Следовательно, категории не только различаются у разных народов. Они когда-то возникли и постепенно развивались. Вопрос этот, о происхождении и развитии категорий, тщательно и подробно исследовали советский психолог А. Спиркин, выдающийся русский филолог А. Потебня и французский этнограф Леви-Брюль.
Судя по собранному ими огромному материалу, развитие категорий шло примерно по следующим линиям.
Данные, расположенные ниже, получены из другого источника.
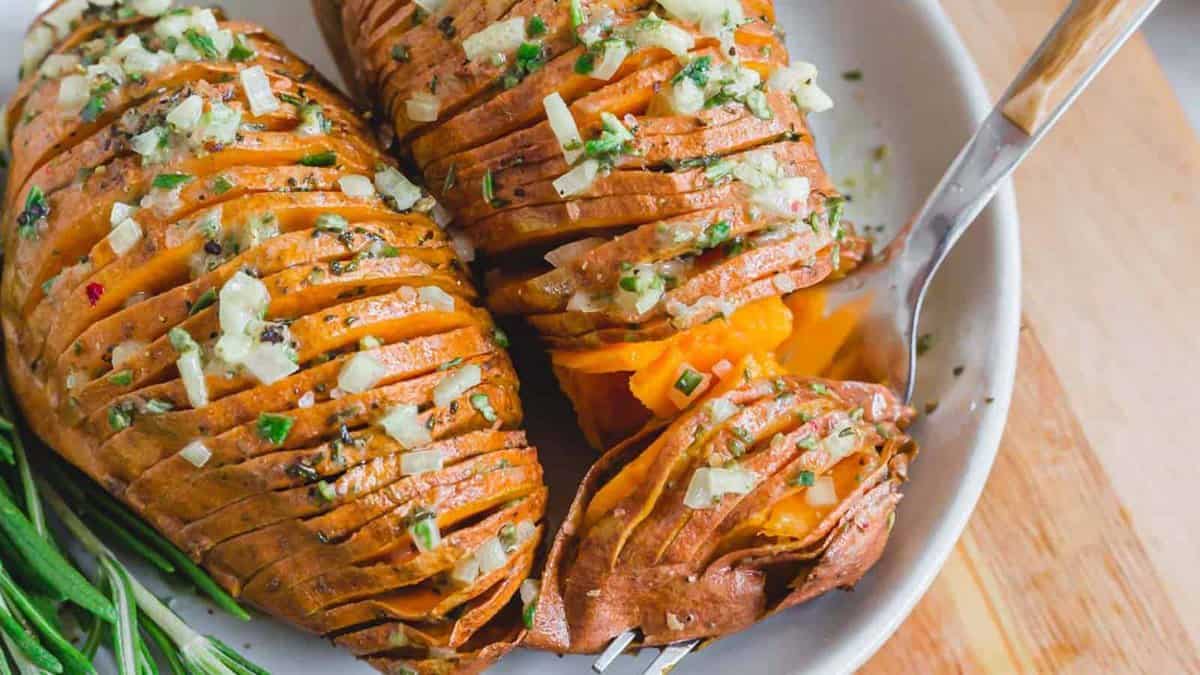 Sliced baked sweet potatoes topped with chopped herbs and diced onions, served on a white plate with a fork.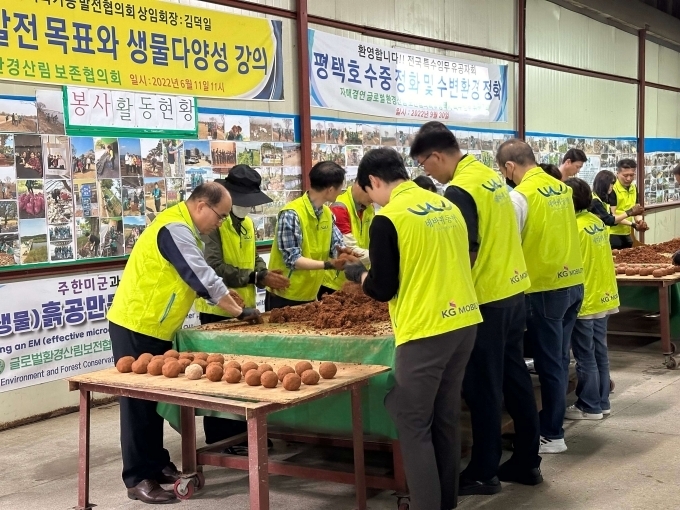 KGM 사내 봉사단 네바퀴동행을 비롯한 참가자들이 하천을 정화하기 위해 EM흙공을 제작하고 있다.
Где-то вначале возникли категории объектов, как чего-то, что можно трогать, над чем совершают действия. Причем здесь еще слиты были с объектом и его состояния (вспомним дом, который «домит») и его свойства. И сам он не очень отличался от субъекта (дерево тоже чувствовало, просило быть с ним помягче у Гайяваты), а также от представления о нем (так, чтобы убить врага, можно было пронзить изображение человека, назвав его имя и т.д.).
Наиболее рано начала из этой слитности выделяться категория свойства, качества. Сначала оно было неразрывно слито с предметом-носителем. Так, например, А.Ф. Лосев на основе исследования текстов «Илиады» и «Одиссеи» показал, что древние греки «не представляли цвета в отрыве от тех или иных тел, предметов». К тому же выводу пришел Потебня на основе анализа истории языка: «Различие между существительными и прилагательными не исконно. Прилагательные возникли из существительных, т.е. было время, оставившее в разных индоевропейских языках более или менее явственные следы и доныне, когда свойства мыслились конкретно, только как вещь. Например, «твердость» раньше выражалась тем же словом, что «камень», «красный» — тем же, что «кровь» и т.д.
И сегодня в языке аранда «alkira» значит и «небо» и «голубой», «ipita» — «яма» и «глубокий», «кпага»— «отец» и «большой» и т.д.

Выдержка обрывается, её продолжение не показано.